EXERCISE DIRECTIONS ::
Look through the entries below and extract exactly the lines from the one containing "Lovers Photoshoot Poses, Cupal" through the one containing "تختخواب و صبحانه Moon Light Guest", ends included.

──────── WORKING DATA ────────

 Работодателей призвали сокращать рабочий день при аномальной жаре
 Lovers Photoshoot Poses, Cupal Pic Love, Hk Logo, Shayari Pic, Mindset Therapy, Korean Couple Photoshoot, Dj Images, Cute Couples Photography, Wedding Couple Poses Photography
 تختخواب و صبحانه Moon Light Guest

────────
──────── WORKING DATA ────────

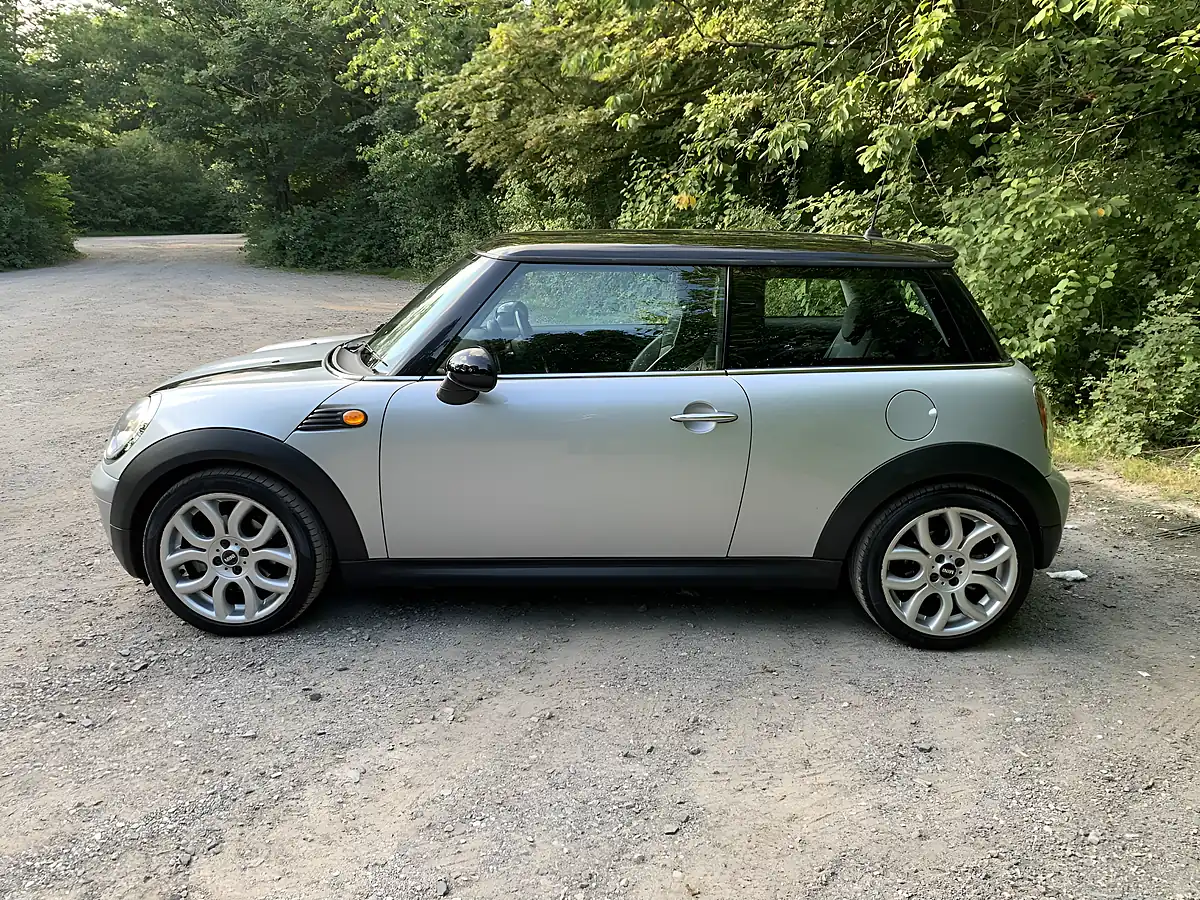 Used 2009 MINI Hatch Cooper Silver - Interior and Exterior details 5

────────
──────── WORKING DATA ────────

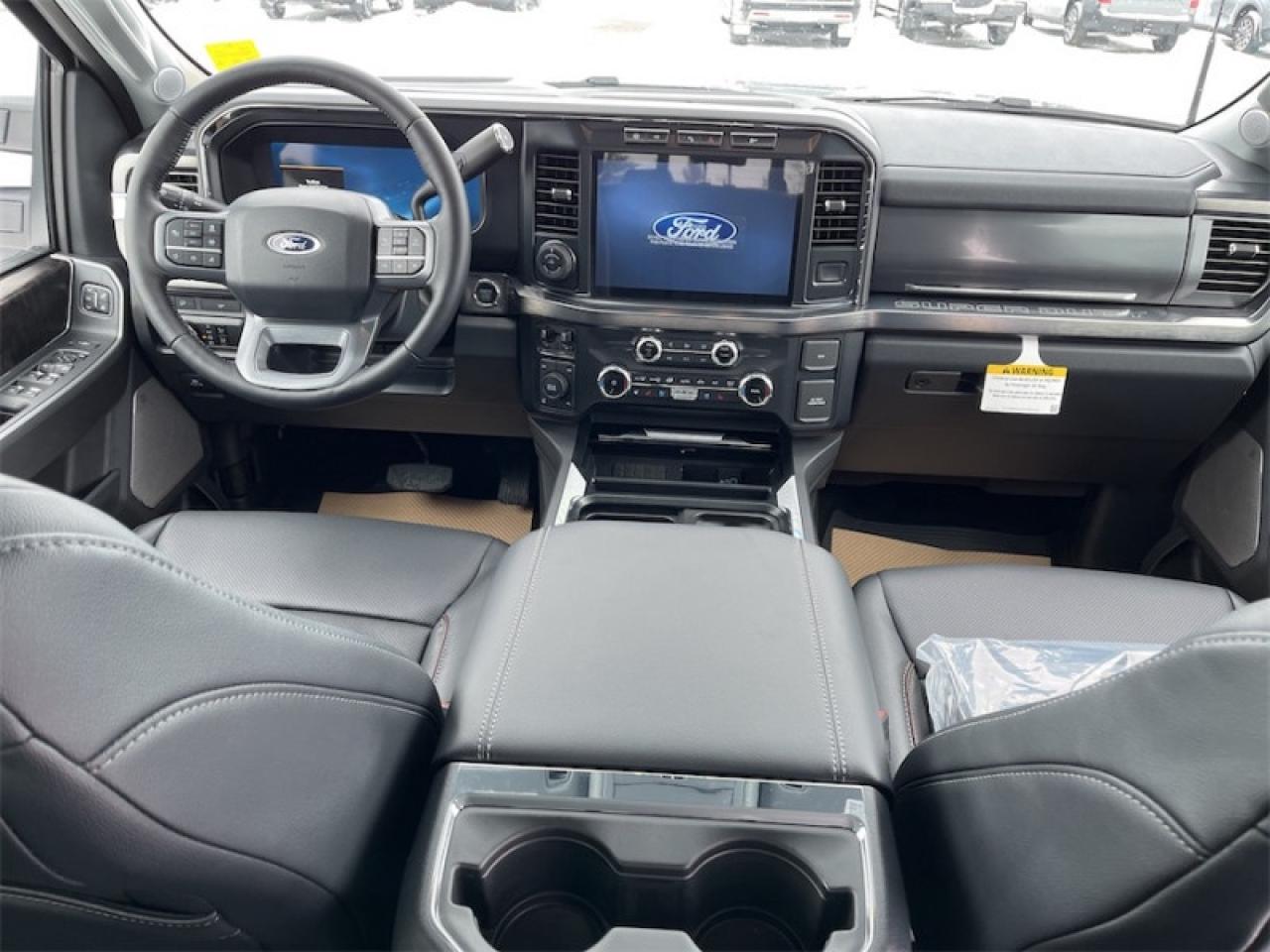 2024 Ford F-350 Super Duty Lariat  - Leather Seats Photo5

────────

EXERCISE ANSWER ::
 Lovers Photoshoot Poses, Cupal Pic Love, Hk Logo, Shayari Pic, Mindset Therapy, Korean Couple Photoshoot, Dj Images, Cute Couples Photography, Wedding Couple Poses Photography
 تختخواب و صبحانه Moon Light Guest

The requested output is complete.